Before leaving Pittsburgh I hit upon the idea of videotaping the entire drive. My friend Steve — the same one who, a few years earlier, regularly loaned me his car — loaned me his videocamera, which had a poor-man’s time-lapse feature: it would shoot one second of video, at normal speed, every 30 seconds. It seemed weird to have such a setting. My best guess is that it was meant to be used as a security camera.

At any rate, my plan was to rig it somehow so that I could aim it through the windshield while I drove, without it blocking my view and without it getting in Alex’s way. In the weeks leading up to my departure from Pittsburgh I frequented supply stores of various kinds, devising one harness or mount after another. None of them quite worked. For instance, I thought I’d hit upon a solution when I suspended it over my shoulder from a canvas strap that wrapped around the top of the car and came in through the windows (closed or open). But even with the strap pulled taut, at highway speeds the wind caught it at its resonant frequency and suddenly it sounded like Gregory Hines was dancing on top of my car. While firing a machine gun. At helicopter blades.
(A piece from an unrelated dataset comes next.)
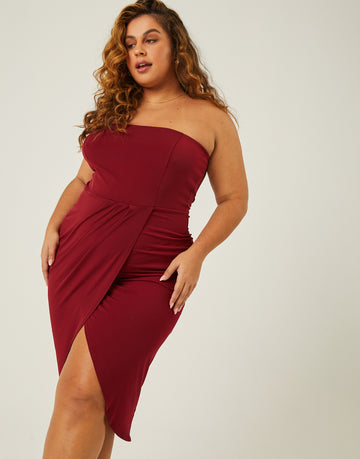 Curve High Slit Strapless Dress Plus Size Dresses Burgundy 1XL -2020AVE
The camera-rig project was made trickier by the need to quickly disassemble and reassemble it. I couldn’t leave my friend’s expensive camera unattended in motel parking lots overnight! I ended up with the aforementioned complicated web of “suction cups, S-hooks, turnbuckles, and twine.” Having to hide the camera all the time, combined with my determination to ensure Alex’s safety with the doggie seatbelt, turned the simple acts of getting in and out of the car into a lengthy operation of stowing or unstowing, hooking, unhooking, tightening, loosening, checking, and more.

My camera harness did the job, but my faux-time-lapse movie came out awful. It runs for over an hour, and for all of that hour the picture is dominated by the pavement directly ahead. What interesting scenery there is — the odd city or landmark flashing by, comprising about 0.003% of the total running time — is relegated to the very edges of the screen. More often than not, the same tractor-trailer can be seen just ahead for minutes at a time, jumping slightly forward or backward each second. Most of the rest of the time, the only thing to see are the cloud patterns, slowly changing, slowly sliding off the top of the screen. And the splattered insect guts on the windshield. Plus, filming one ordinary second out of every thirty is a very poor approximation to true time-lapse photography.

Fortunately, someone with a better budget, a better car, and a better sense of filmmaking had the same idea recently, and you can watch brilliant director Michel Gondry‘s time-lapse video of a cross-country drive online. (And then you can watch him solve a Rubik’s cube with his feet. Really!)

At least by the time we got to Rawlins, the terrain was finally starting to get interesting. There were hills. Small mountains, even. Curves in the road. Brush. Clay. The Midwest was over.